In an interview with WTTW News’ “Chicago Tonight,” the mayor said she wasn’t satisfied with how those aspects of the fall reopening have gone.
“I’m disappointed in the way that this has been rolled out,” said Lightfoot.
“This is not a mystery anymore. We know how to do contact tracing, we know how to do case investigation. And we’ve got to make sure that CPS is using the tools at its disposal to do just that.”
Lightfoot said her director of the Chicago Department of Public Health, Dr. Allison Arwady, should be able to help CPS right the ship. The mayor had previously said Arwady and CDPH were already working with CPS to implement their testing and investigation plans.
“I’m confident that things will improve, and they’re going to improve because we have put Dr. Arwady and her team on the case and they will be helping build up the infrastructure of CPS to do better case investigations and better contact tracing,” Lightfoot said.

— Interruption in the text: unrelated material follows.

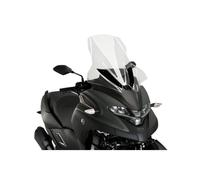 PUIG Cupolino V-TECH Line Touring Pour Yamaha Tricity 300 20-26 Fumé Clair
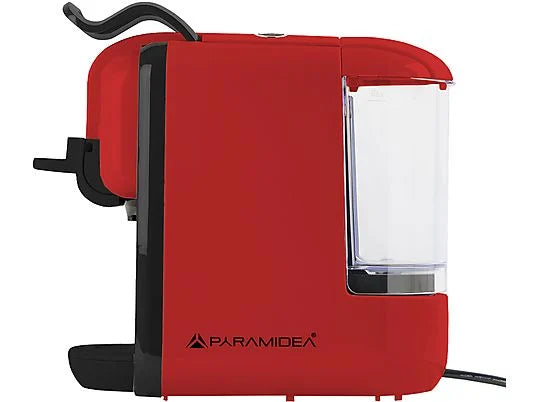 PYRAMIDEA MACCHINA CAFFE ROSSO 1450W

Asked by WTTW if she blamed outgoing CPS Interim CEO José Torres for the poor start, Lightfoot said, “that’s water under the bridge, we’re moving forward.”
“What I’m saying is in anticipation of the opening of school, there should have been a much more robust plan and infrastructure in place,” the mayor said.
Lightfoot chose Torres — who’ll depart at the end of the month with the arrival of Pedro Martinez as full-time CEO — at the start of the summer to take the position until a permanent hire was made. Torres said the week before fall classes started that the district would be ready for widespread testing and contact tracing. The mayor also repeatedly touted CPS’ reopening plan, arguing for months that the district was ready to safely welcome back all students to in-person learning.
Lightfoot had previously attributed complaints about testing and contract tracing to bad faith attacks by the Chicago Teachers Union and its supporters. The union has ripped the rollout as “an abject failure.” Parents have also been critical.
“We obviously did this work back last spring when schools opened, and with the full reopening and bringing children back five days a week full-time, there should have been more resources developed,” she said. “CDPH is fully engaged, and I have every confidence that ... CPS is going to be on the right path moving forward.”
Despite the mayor’s acknowledgement that plans aren’t off to a good start, the CTU said in a statement Tuesday that CPS’ bargaining team didn’t budge in ongoing negotiations over safety protocols.